The U.S. Department of Veteran Affairs will not prevent new GI Bill students from enrolling at Temple, as the university corrected its violation of U.S. Code 3696. Pictured is Conwell Hall, where Temple's Military and Veteran Services Center is located. | JEREMY ELVAS / THE TEMPLE NEWS

The United States Department of Veterans Affairs withdrew its proposal to prevent Temple from enrolling new students through the GI Bill because the university took adequate action to correct its alleged violation of U.S. Code 3696, according to an announcement from the department Thursday. 

The announcement did not say how Temple and the other universities corrected their alleged violations of U.S. Code 3696. 

Temple is one of five universities nationwide that the VA considered suspending new student enrollments for in March after alleging their sales or enrollment practices violated the law, The Temple News reported. The four other universities were American InterContinental University, Bellevue University, Colorado Technical University and the University of Phoenix.

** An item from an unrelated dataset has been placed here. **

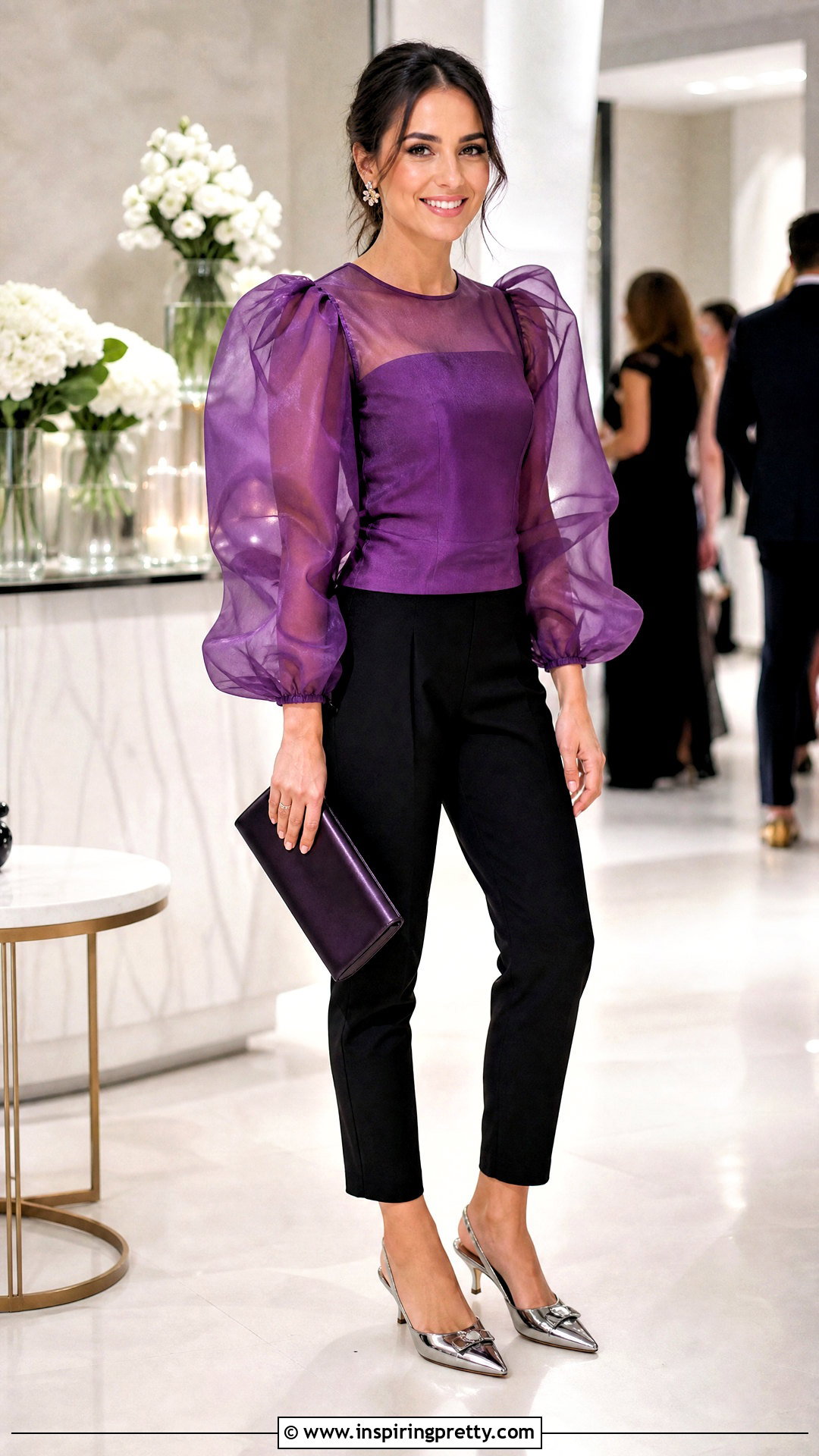 Purple Organza Top With Black Cigarette Pants - 25 fancy purple top outfit ideas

U.S. Code 3696 prevents eligible veterans or students from enrolling in courses at institutions that utilize “erroneous, deceptive, or misleading” advertising, sales or enrollment practices of any type, according to Cornell Law School

Temple’s violation was directly related to the Fox School of Business knowingly providing false information about their Online MBA program to U.S. News and World Report’s annual college ranking issue, the Philadelphia Inquirer reported

Fox’s false reporting caused their Online MBA program to be ranked No. 1 in the country for four consecutive years beginning in 2014, prompting investigations from Pennsylvania’s Attorney General and the U.S. Department of Education in July 2018, The Temple News reported

Beginning in March, the department gave Temple and the other four universities 60 days to prove they had corrected their alleged violations, The Temple News reported

The GI Bill allows veterans who served on active duty after 9/11 to receive educational assistance at both public and private universities, according to the VA’s website.